The unexpected shutdown of crypto platforms owing to fraud and cyber-attacks, together with the precipitous decline in cryptocurrency value (nearly 50% since the beginning of 2022), does not bode well for the future of these digital currencies. However, the crisis provides a chance to look more closely at the market’s foundational problems, address regulatory concerns, and restore trust among all parties involved.
As central banks continue to hike interest rates, cryptocurrency values have plummeted, leaving many to speculate on whether or not this is the beginning of the end of the bubble. Probably not just now, anyhow. Values of assets whose primary use is in the future are more sensitive to increases in the opportunity cost of money. Cryptocurrencies were helped by the historically low interest rate environment, and youthful investors are now feeling the pain of a typical interest rate hike.
Bitcoin appealed to many as an inflationary hedge owing to its low (near zero) correlation with conventional assets such as equities before the epidemic.
Crypto investors are aware that this uncorrelation has been noticeably absent in 2022. Stocks and bonds have been falling due to inflation worries and geopolitical concerns, and cryptocurrencies have been following suit.
It was noted that “the narrative has made a 180° swing, due to macroeconomics adjustments,” which meant that the previous statements were no longer accurate. The correlation between Bitcoin and the S&P 500 hit a record high of 0.69, as reported by 21Shares. This created doubt about crypto assets’ value as a portfolio diversifier.
Before the epidemic, there was little to no relationship between Bitcoin and Ether and the main market indexes. They were considered useful for hedging against volatility in other asset types and spreading the risk. But things changed with the exceptional reactions to the early 2020 central bank crisis. As a result of loosening global financial conditions and increased investor risk appetite, as shown on this website, the values of cryptocurrencies and U.S. equities both rose sharply. Returns on Bitcoin, for instance, did not follow the S&P 500 (the US benchmark stock index), in any direction between 2017 and 2019. The daily correlation coefficient was just 0.01, but by 2020-21, the assets were growing and decreasing in lockstep at a rate of 0.36.
The cryptocurrency and decentralized finance business is expanding, but it is still not large enough to trigger a recession on its own. Moreover, many of crypto’s original developers and investors believe it will eventually replace fiat currencies.
Economists, though, can’t ignore the striking similarities between bitcoin and the subprime mortgages that helped trigger the Great Recession.
People with low credit scores took out hazardous mortgages in the early 2000s while house prices were rising, thinking they could rapidly refinance into better terms as property values soared. Approximately $1.3 trillion in 2007 was in mortgages that were classified as “subprime,” or riskier, financing options.
The article suggests that the relationship may be temporary. Since bitcoin and other cryptocurrencies have been suffering the downward impact of volatility due to the U.S. Federal Reserve’s ongoing rate hikes, this is encouraging news for optimistic crypto investors.
The cryptocurrency market seems to be leveling down, but more volatility might occur at any time.
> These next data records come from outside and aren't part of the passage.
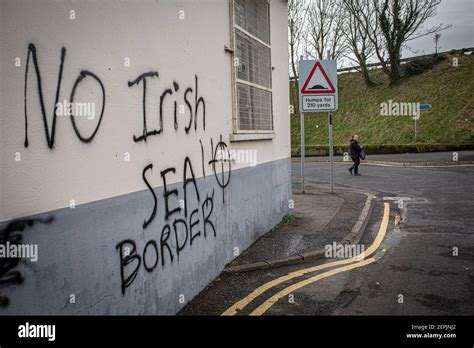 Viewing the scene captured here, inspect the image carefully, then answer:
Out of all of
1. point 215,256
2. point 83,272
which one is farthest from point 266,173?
point 83,272

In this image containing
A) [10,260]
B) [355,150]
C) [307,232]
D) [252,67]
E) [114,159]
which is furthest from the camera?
[355,150]

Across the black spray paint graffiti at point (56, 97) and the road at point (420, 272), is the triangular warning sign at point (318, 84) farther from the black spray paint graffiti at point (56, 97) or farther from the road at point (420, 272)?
the black spray paint graffiti at point (56, 97)

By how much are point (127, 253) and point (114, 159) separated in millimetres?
802

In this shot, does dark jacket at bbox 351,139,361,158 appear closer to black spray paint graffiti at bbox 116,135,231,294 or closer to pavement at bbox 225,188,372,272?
pavement at bbox 225,188,372,272

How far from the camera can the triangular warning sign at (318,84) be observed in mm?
10602

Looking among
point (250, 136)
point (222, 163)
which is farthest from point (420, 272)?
point (250, 136)

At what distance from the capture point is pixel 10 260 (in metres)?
2.40

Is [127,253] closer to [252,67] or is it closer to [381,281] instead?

Cryptocurrency markets will continue to behave as they have been, but eventually, they will shift fast in a different direction, away from the stock market if past performance is any indication.
The capacity of central banks to keep tabs on the financial system is threatened. As the world continues to combat terrorism and organized crime, this is a major issue. Central banks are worried that they may lose control of the money supply in the worst-case scenario.
Recently, officials didn’t give cryptocurrencies much thought since they had no practical use as money other than for people seeking anonymity. As Monday’s price drop demonstrated, they are hardly a reliable “store of value.” They are not frequently used because they are not commonly accepted. Furthermore, despite assurances to the contrary, digital currencies have been successfully hacked many times this year, with significant losses each time.
One reason authorities in developed economies have been sluggish to respond is the belief that cryptocurrencies are not their issue as long as problems linked to them mostly impact the rest of the globe. They seem to have bought into the concept that cryptocurrencies are fundamental assets to invest in and that the value of any one transaction is irrelevant, and instead are more concerned with protecting local investors and maintaining financial stability.
Major crypto market participants agree that regulation is inevitable and would want to contribute to its evolution. CEO of Binance, the biggest Bitcoin and cryptocurrency exchange in the world, Changpeng Zhao, has lately stated the need for regulators and industry stakeholders to collaborate on developing effective, worldwide, fit-for-purpose legislation.